Exact wording is required: give all the records again, minus the pictures.

ENTRIES SHOWN START

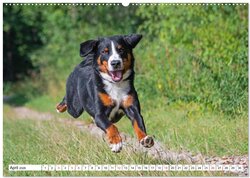 Innenansicht 5
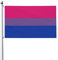 Bandera del Orgullo Bisexual de 90 x 150 cm, decoración de doble cara para exteriores e interiores.
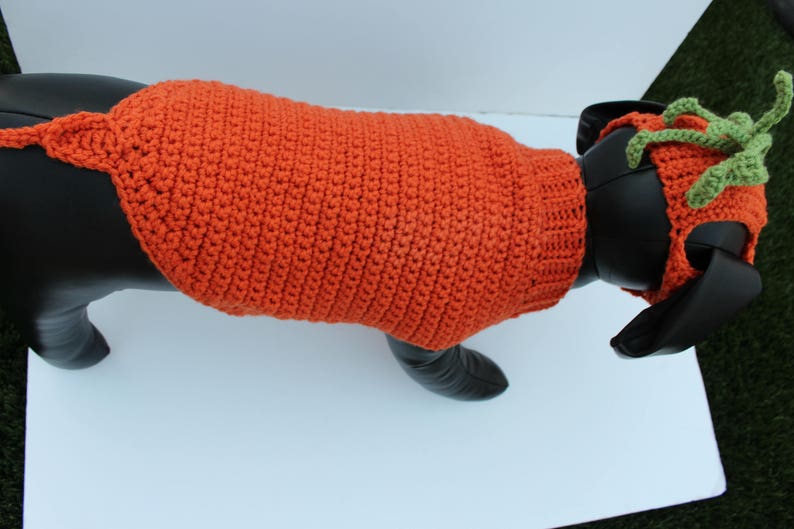 Carrot Pet Costume Halloween Dog Costume Made to Order Cat Etsy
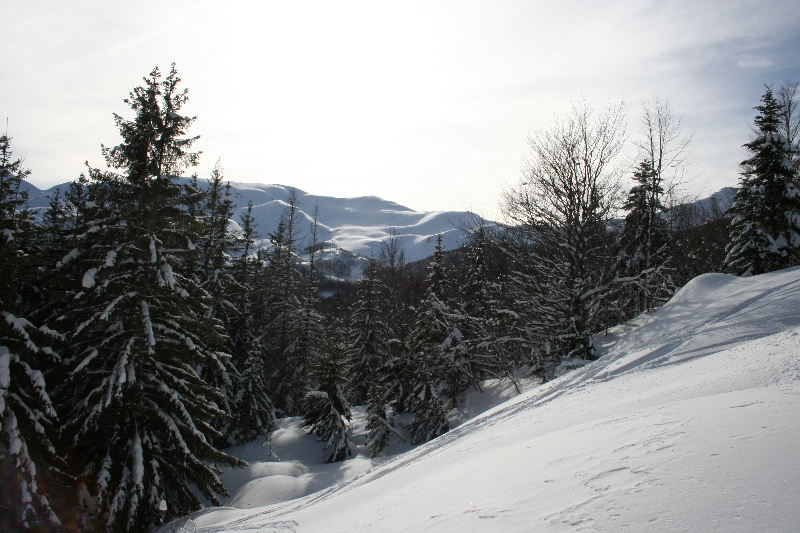 31635-img7010.jpg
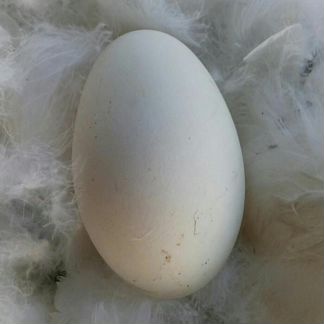 Гусиное инкубационное яйцо. Порода 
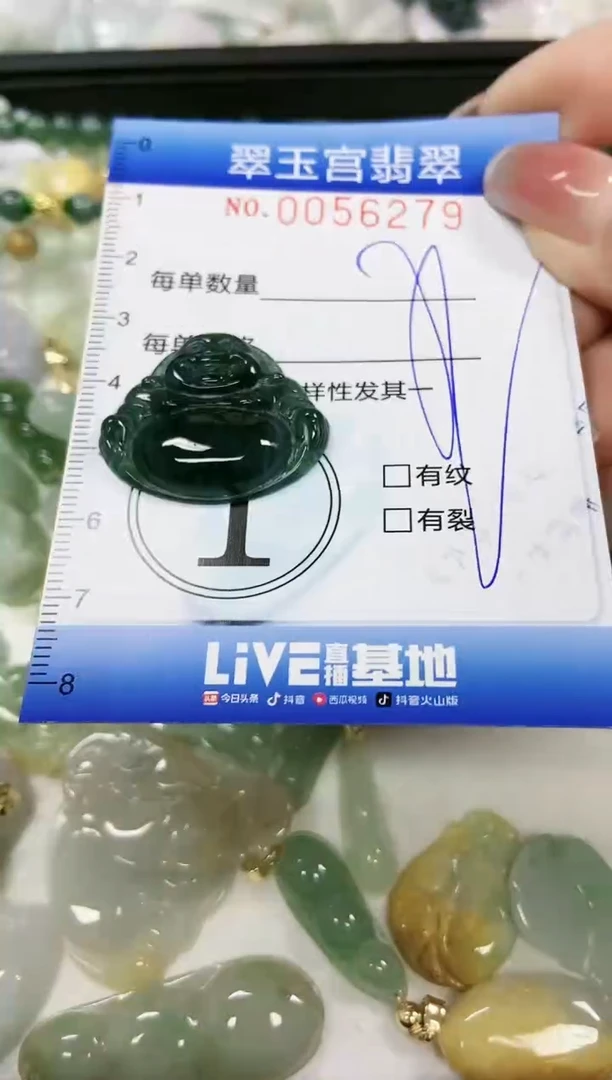 【闪购商品】翡翠颈饰未镶嵌闪购0056279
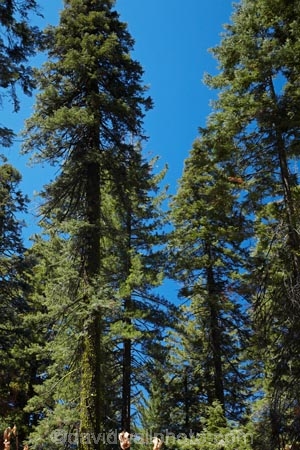 America;American;CA;California;conifer;coniferous-tree;coniferous-trees;conifers;Crane-Flat;forest;forested;forests;giant-redwood;giant-sequoia;giant-sequoia-grove;giant-sequoia-groves;giant-sequoias;national-park;national-parks;redwoods;sequoia;sequoia-grove;sequoia-groves;Sequoiadendron;Sequoiadendron-giganteum;sequoias;Sierra-Nevada;Sierra-Nevada-foothills;Sierra-redwood;Sierran-redwood;sky;States;timber;tree;tree-trunk;tree-trunks;trees;truck;trunks;Tuolumne-Grove;U.S.A;UN-world-heritage-area;UN-world-heritage-site;UNESCO-World-Heritage-area;UNESCO-World-Heritage-Site;united-nations-world-heritage-area;united-nations-world-heritage-site;United-States;United-States-of-America;USA;Wellingtonia;West-Coast;West-United-States;West-US;West-USA;Western-United-States;Western-US;Western-USA;wood;woods;world-heritage;world-heritage-area;world-heritage-areas;World-Heritage-Park;World-Heritage-site;World-Heritage-Sites;Yosemite;Yosemite-N.P.;Yosemite-Nat-Pk;Yosemite-National-Park;Yosemite-NP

ENTRIES SHOWN END

__SOLUTION FOR THIS TASK__:
 Innenansicht 5
 Bandera del Orgullo Bisexual de 90 x 150 cm, decoración de doble cara para exteriores e interiores.
 Carrot Pet Costume Halloween Dog Costume Made to Order Cat Etsy
 31635-img7010.jpg
 Гусиное инкубационное яйцо. Порода 
 【闪购商品】翡翠颈饰未镶嵌闪购0056279
 America;American;CA;California;conifer;coniferous-tree;coniferous-trees;conifers;Crane-Flat;forest;forested;forests;giant-redwood;giant-sequoia;giant-sequoia-grove;giant-sequoia-groves;giant-sequoias;national-park;national-parks;redwoods;sequoia;sequoia-grove;sequoia-groves;Sequoiadendron;Sequoiadendron-giganteum;sequoias;Sierra-Nevada;Sierra-Nevada-foothills;Sierra-redwood;Sierran-redwood;sky;States;timber;tree;tree-trunk;tree-trunks;trees;truck;trunks;Tuolumne-Grove;U.S.A;UN-world-heritage-area;UN-world-heritage-site;UNESCO-World-Heritage-area;UNESCO-World-Heritage-Site;united-nations-world-heritage-area;united-nations-world-heritage-site;United-States;United-States-of-America;USA;Wellingtonia;West-Coast;West-United-States;West-US;West-USA;Western-United-States;Western-US;Western-USA;wood;woods;world-heritage;world-heritage-area;world-heritage-areas;World-Heritage-Park;World-Heritage-site;World-Heritage-Sites;Yosemite;Yosemite-N.P.;Yosemite-Nat-Pk;Yosemite-National-Park;Yosemite-NP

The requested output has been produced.